Notre titre est tiré d’une phrase de Lamennais. Ce dernier a développé des idées qui furent capitales dans la relation que l’Église entendait avoir avec les idées de liberté et en conséquence par rapport à son acceptation du régime républicain. La doctrine sociale de l’Église, portée par l’encyclique Rerum Novarum de Léon XIII, lui doit beaucoup, sans jamais s’en revendiquer.
L’acceptation spontanée, mais de courte durée, par l’Église de la Révolution de 1848 doit beaucoup à Lamennais (bien qu’il fut alors en marge de l’Église) et à l’archevêque de Lyon Louis-Jacques-Maurice de Bonald. Lamennais vit une époque où l’Église a été largement domestiquée par l’État depuis que le Pape a accepté de signer le Concordat que lui soumettait Napoléon Bonaparte. D’ailleurs pour le bien de l’Église, Lamennais va être un des premiers catholiques français à proposer la séparation de l’Église et de l’État. On apprécie grandement que l’auteur ait consacré son premier chapitre à la description du catholicisme français entre 1800 et 1850. Durant cette époque, avec le clergé est assez jeune, et le nombre de prêtres avoisine toujours 35 000 sous la Restauration et la Monarchie de juillet pour une population d’environ 30 500 000 en 1816 et de près de 36 500 000 en 1851.
En dix-neuf chapitres on parcourt la vie de Lamennais né en 1782 à Saint-Malo et mort en 1854 à Paris. Dès 1808 paraît l’ouvrage Les Réflexions sur l'état de l'Église, sous la plume des deux frères Lamennais ; interdit sous l’Empire, il est republié en 1814. Un des objectifs de son contenu est de proposer une rénovation de l'Église. Il s’agit de rompre l’isolement des prêtres ruraux par divers procédés, de fournir aux séminaristes un bagage culturel conséquent et d’encourager le regroupement des catholiques dans des associations dynamiques.
« Toutefois (…) quelles que soient la science et la vertu du prêtre, il n’agira fortement sur les âmes qu’à la condition de sortir de son église et d’aller au-devant du peuple. Ce peuple, il faut l’instruire par la prédication et l’enseignement du catéchisme, l’attirer par l’éclat du culte extérieur, afin de promouvoir ce qu’il appelle "cette religion des sens sans laquelle la religion de cœur n’existe pas". » (page 30)
Il va donner bien d’autres ouvrages, dont l’Essai sur l’indifférence en matière de religion, paru en 1821, où il avance que le protestantisme est un marchepied vers l’athéisme car il exclut le principe d’autorité (page 44). Il s’attire d’abord l’hostilité des gallicans (assez nombreux à l’époque) puis celle du pape alors que certaines de ses thèses vont dans le sens de l’ultramontisme et que le pape Léon XII entendait faire de lui un cardinal. Toute fois son livre Paroles d'un croyant est condamné par le pape Grégoire XVI.

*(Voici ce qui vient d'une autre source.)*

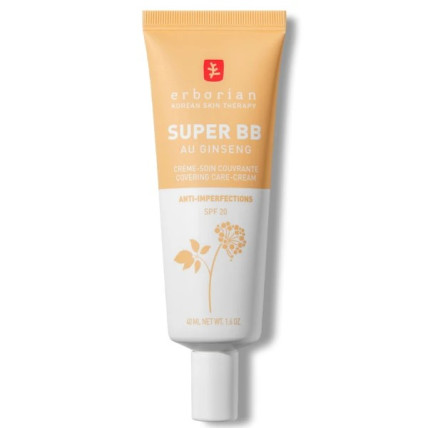 Erborian Super BB Cream Nude - Тонуючий Крем для Обличчя 40ml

Opposant au régime de Louis-Philippe, il est élu député de la Seine en 1848 et le reste jusqu’au 2 décembre 1851, date du coup d’état du futur Napoléon III. Il est notable que sa mort en 1854, en totale rupture avec le catholicisme, se fit sous la haute surveillance des gendarmes ; le gouvernement impérial craignait qu’elle ne donna prétexte, comme bien des enterrements d’hommes publics sous la Monarchie de juillet à une manifestation d’opposition au nouveau régime. On notera deux pages où Aimé Richardt interroge la pensée très originale développée dans le livre de Lamennais Livre du Peuple pour retrouver dans les idées développées les prémices de certaines thèses que Karl Marx a avancées.